◆ **Problem requirements**
In the entries below, find the line with "Monster Pet Food" and the line with "1-к квартира, строящийся", then retype both and everything between them exactly. Do not copy the pictures.
START Data section
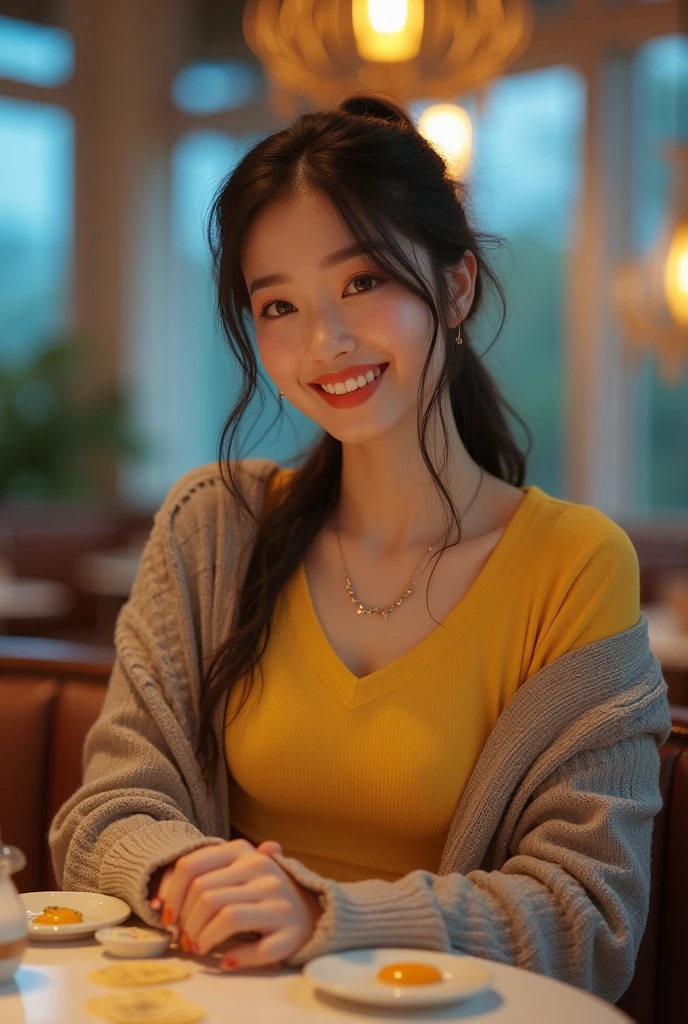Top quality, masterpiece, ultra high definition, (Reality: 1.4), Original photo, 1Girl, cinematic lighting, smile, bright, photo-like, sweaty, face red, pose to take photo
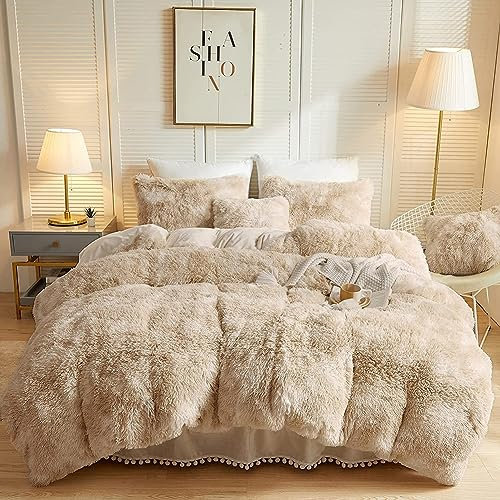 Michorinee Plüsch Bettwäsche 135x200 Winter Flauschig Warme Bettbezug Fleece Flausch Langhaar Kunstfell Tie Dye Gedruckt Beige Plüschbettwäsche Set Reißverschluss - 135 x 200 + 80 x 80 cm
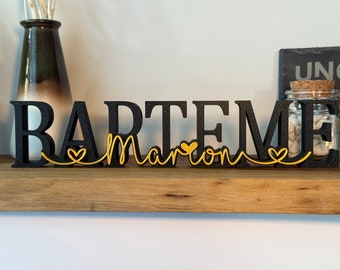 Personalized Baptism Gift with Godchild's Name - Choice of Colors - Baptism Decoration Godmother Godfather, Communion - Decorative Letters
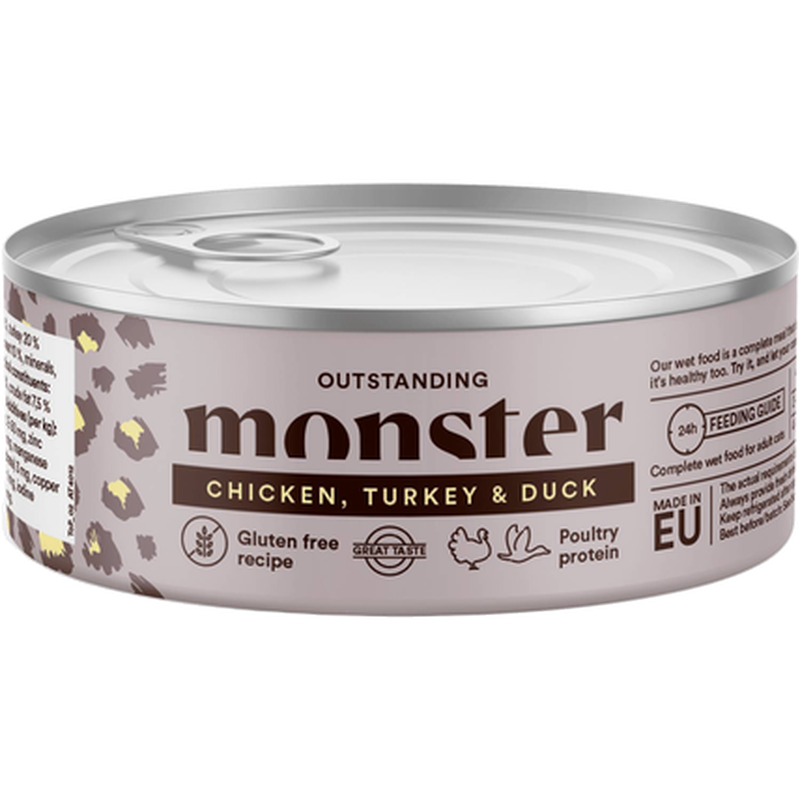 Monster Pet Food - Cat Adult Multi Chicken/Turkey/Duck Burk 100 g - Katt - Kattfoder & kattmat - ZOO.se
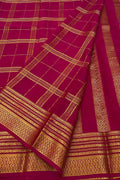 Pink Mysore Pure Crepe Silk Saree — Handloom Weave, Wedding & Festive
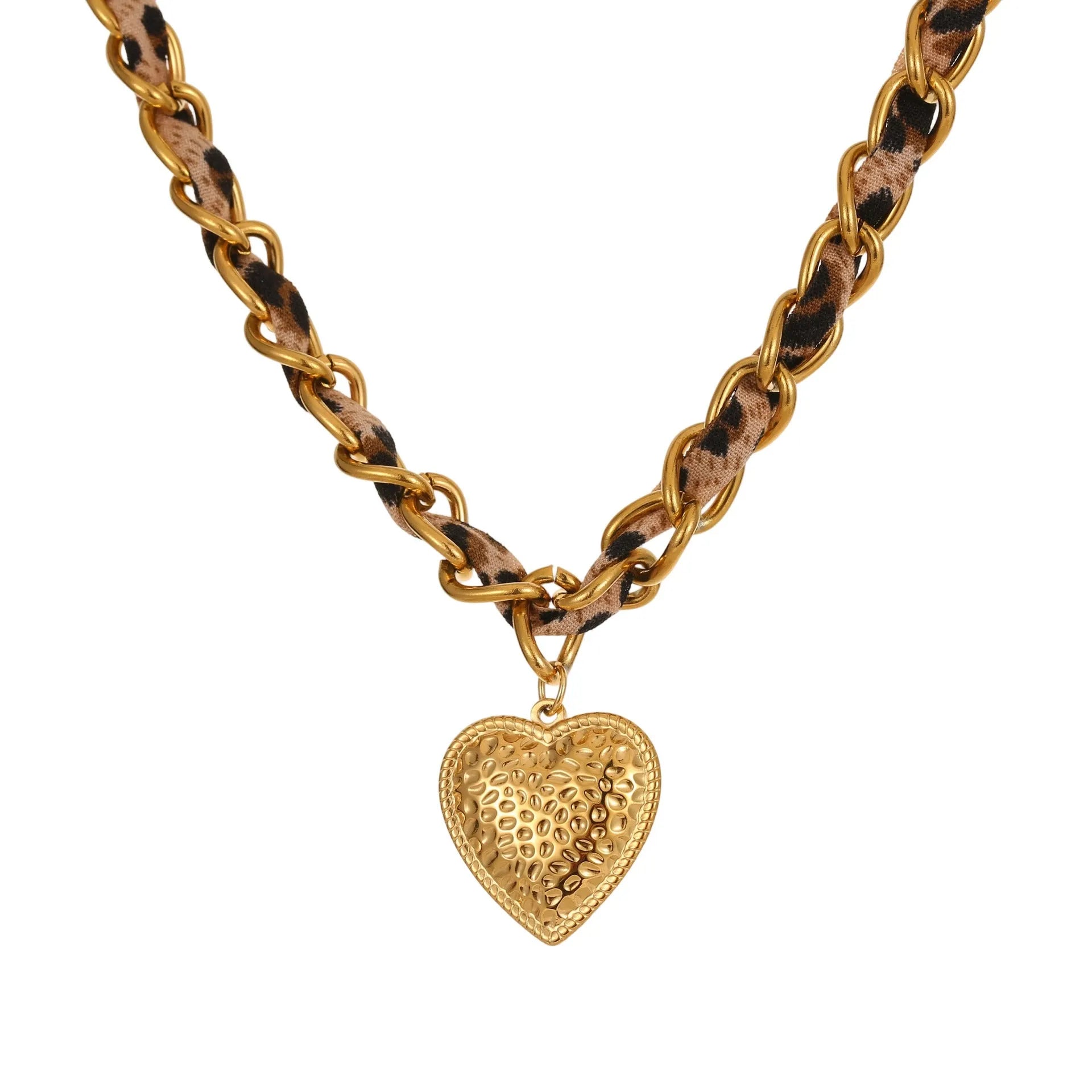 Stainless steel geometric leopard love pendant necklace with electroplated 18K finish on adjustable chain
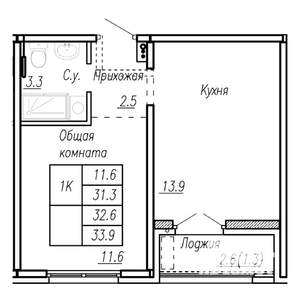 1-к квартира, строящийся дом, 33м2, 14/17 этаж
END Data section
START Data section
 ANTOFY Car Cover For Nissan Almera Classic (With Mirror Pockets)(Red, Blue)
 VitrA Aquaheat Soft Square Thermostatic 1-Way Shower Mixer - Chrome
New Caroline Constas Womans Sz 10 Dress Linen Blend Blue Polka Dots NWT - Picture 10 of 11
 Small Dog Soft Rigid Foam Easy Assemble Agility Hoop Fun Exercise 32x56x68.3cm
END Data section
◆ **Output below**
 Monster Pet Food - Cat Adult Multi Chicken/Turkey/Duck Burk 100 g - Katt - Kattfoder & kattmat - ZOO.se
 Pink Mysore Pure Crepe Silk Saree — Handloom Weave, Wedding & Festive
 Stainless steel geometric leopard love pendant necklace with electroplated 18K finish on adjustable chain
 1-к квартира, строящийся дом, 33м2, 14/17 этаж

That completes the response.